Furibondo parapiglia, ieri pomeriggio, scatenato da un trentenne in cura presso il Centro di salute mentale cittadino, il quale ha tentato la fuga e aggredito due carabinieri. Il protagonista dell'episodio, già nella serata di lunedì, aveva cominciato a dare in escandescenze fino a diventare pericoloso. Tanto che i sanitari erano stati costretti a chiamare i militari per evitare il peggio. Una condizione, quella del giovane, per la quale i medici del Csm avevano deciso un trattamento sanitario obbligatorio. Ma ieri il paziente, per sottrarsi al Tso, quando ha visto il comandante della Polizia locale che era stato delegato dal sindaco per eseguire la procedura, si è dato subito alla fuga.

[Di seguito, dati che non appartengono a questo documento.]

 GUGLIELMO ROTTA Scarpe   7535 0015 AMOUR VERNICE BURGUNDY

L'allarme è stato dato immediatamente e nella zona sono giunti i carabinieri che hanno individuato e bloccato il trentenne. Ma durante l'intervento, che come abbiamo detto si è trasformato in una violenta zuffa, due uomini dell'Arma sono rimasti feriti, sembra in modo non grave. I militari comunque sono riusciti a fermare il trentenne e a riaffidarlo alle cure degli specialisti che operano nel Centro di salute mentale ceccanese. Dunque, un'aggressione che è stata il prodotto del grave disagio psichico in cui versa il giovane.

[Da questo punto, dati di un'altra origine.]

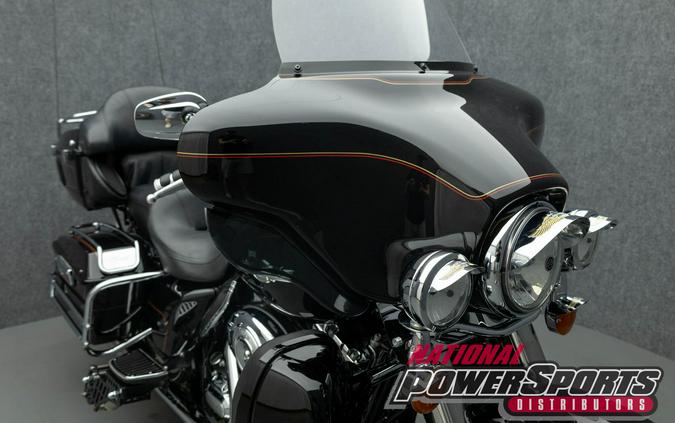 2012 HARLEY DAVIDSON FLHTCU ELECTRA GLIDE ULTRA CLASSIC FIREFIGHTERS EDITION W/ABS & LANDING GEAR KIT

Una condizione delicata, in cui possono trovarsi tante persone, e che i medici del Csm riescono ad affrontare con le terapie appropriate nonostante l'imprevedibile, che purtroppo può manifestarsi improvvisamente in casi del genere. Ieri, fortunatamente, la professionalità degli operatori sanitari e dei carabinieri ha evitato che la fuga del giovane si trasformasse in dramma.